Date: 01 May 2019 Tags: Organizations

The Union Ministry of Environment, Forests and Climate Change (MoEFCC) has constituted committee to implement National Clean Air Programme (NCAP). The committee will be headquartered in New Delhi.

Composition of Committee: It will be chaired by Secretary, Union Environment Ministry. It will comprise Joint Secretary (Thermal), Ministry of Power; Director-General, Energy Resources Institute (TERI), and Professor of Indian Institute of Technology-Kanpur (IIT-K) as members.

Terms of Reference of Committee

It will ensure inter-ministerial organisation and cooperation, sharing information and resolving issues that could arise between ministries. It will also give overall guidance and directions to effectively implement the programmes.

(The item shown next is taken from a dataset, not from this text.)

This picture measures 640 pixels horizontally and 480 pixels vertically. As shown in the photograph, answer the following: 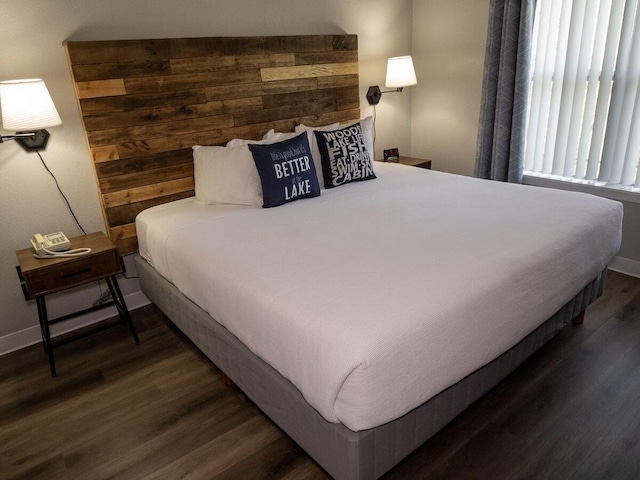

National Clean Air Programme (NCAP)

  • It was unveiled in January 2019. It is envisaged as a scheme to provide the States and the Centre with a framework to combat air pollution.
  • It aims to provide time bound national level strategy for pan India implementation to tackle increasing air pollution problem across the country in comprehensive manner.
  • It is envisioned as a five-year action plan with 2019 as the first year. It will be reviewed every five years.
  • Target: Reducing 20–30% of PM 2.5 and PM 10 concentration by 2024 taking 2017 as the base year for the comparison of concentration.
  • Coverage: It will be implanted in 102 identified non-attainment cities for implementing mitigation actions under NCAP.
  • Implementation: States in which cities are located are expected to produce plans that include increasing number of monitoring stations, providing technology support, conducting source apportionment studies, and strengthening enforcement. For achieving targets, cities are expected to calculate reduction in pollution, keeping 2017’s average annual PM levels as the base year.
  • NCAP requires cities to implement specific measures such as ensuring roads are pothole-free to improve traffic flow and thereby reduce dust (within 60 days) and ensure strict action against unauthorised brick kilns (within 30 days).
  • Need for Plan: The World Health Organisation’s (WHO) database on air pollution has listed Tier I and Tier II Indian cities over the years as some of the most polluted places in the world. In 2018, 14 of world’s 15 most polluted cities were in India.